Oke stands alone, at the top of the platform, while Apollo groans from the skies: a true moment of Greek tragedy. How amazing it must be in full production, after all the images of puppets and multiple personas, intricate musical patterns and elaborations.
The 17th Arch, the Arch of Fear is extraordinarily beautiful in its stark simplicity. Orpheus is in the "real" world again but he's still unable to comprehend. "Did I build this stone shelter over the dark cave?" he asks. "Above my head is stone, Under my feet is rock". Birtwistle sets the simple words with amazing cadences, leaping out of an almost staccato, half-spoken baseline. The words "rock", "summer grass", "stream" and "nightmares" jump outwards as if they had a life of their own. Then the Other Orpheus sings single words "Fear. Caught. Time. Lost". Between each word, silence but for the rising sounds of the orchestra. Suddenly, this Orpheus takes off into shining lyricism: two words : "Tide moan". Their meaning is too deep to express by rational logic.
Euridice calls Orpheus's name, but the syllables break up, as if lost in transmission across the void that now keeps them apart. No more words. Only elusive music, possibly the Voice of Apollo. In the original stage directions, the plot is complicated, and Orpheus hangs himself. Here, instead, Alan Oke walks round the stage and into the audience, silently touching people on the shoulder, in an echo of the 9th Arch, the "arch of awareness. Meaning to touch". Those who get touched in the orchestra and choir pass it on to others. This symbolizes the concept that life and death are a continuum. It also fits better with the idea that Orpheus's spirit, which is music, lives on whenever people communicate. The suicide solution might have been an option in 1973/5 but in view of everything Birtwistle has done since then, it's a cop-out.

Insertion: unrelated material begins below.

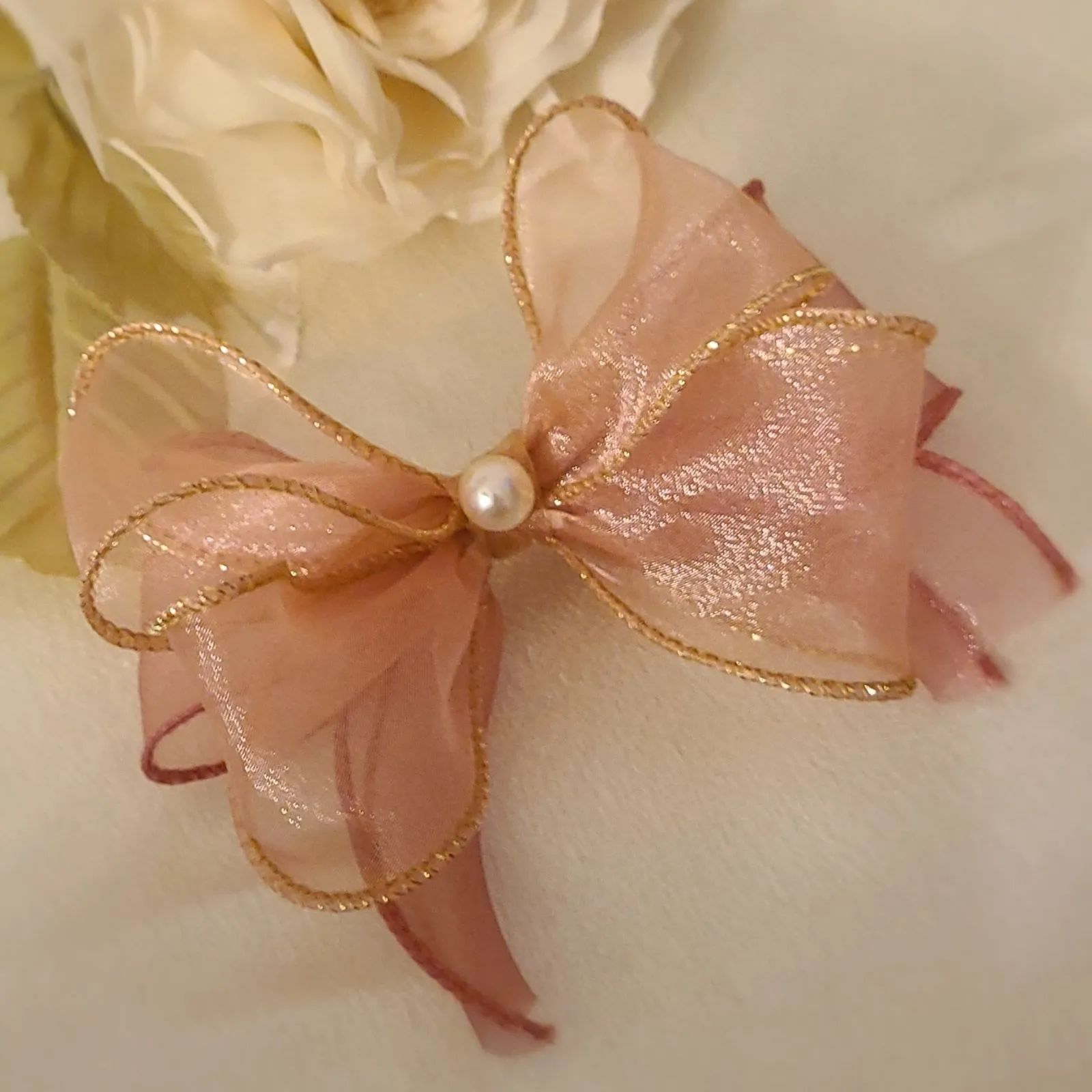 LOVOT❋ラボット服ハンドメイド❋ドレスワンピースとお花のホーン飾り2着 LOVOT❋ラボット服ハンドメイド❋ドレスワンピースとお花の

This new "ending" is aesthetically more satisfying.
The performance was preceded by Stravinsky's ballet Apollo which was a good idea, for Apollo was Orpheus's father, who gave him the Lyre and the gift of Music. It's surprisngly austere Stravinsky, presaging his interest in classicism and the baroque. Not really so very different from Birtwistle, the "wild man" of British music, whose notorious image belies music of sensitivity and poise, which also harks back to early music. Apollo was preceded by Jonny Greenwood's Popcorn Superhet Receiver, which uses similar orchestration, and has the violins standing to attention.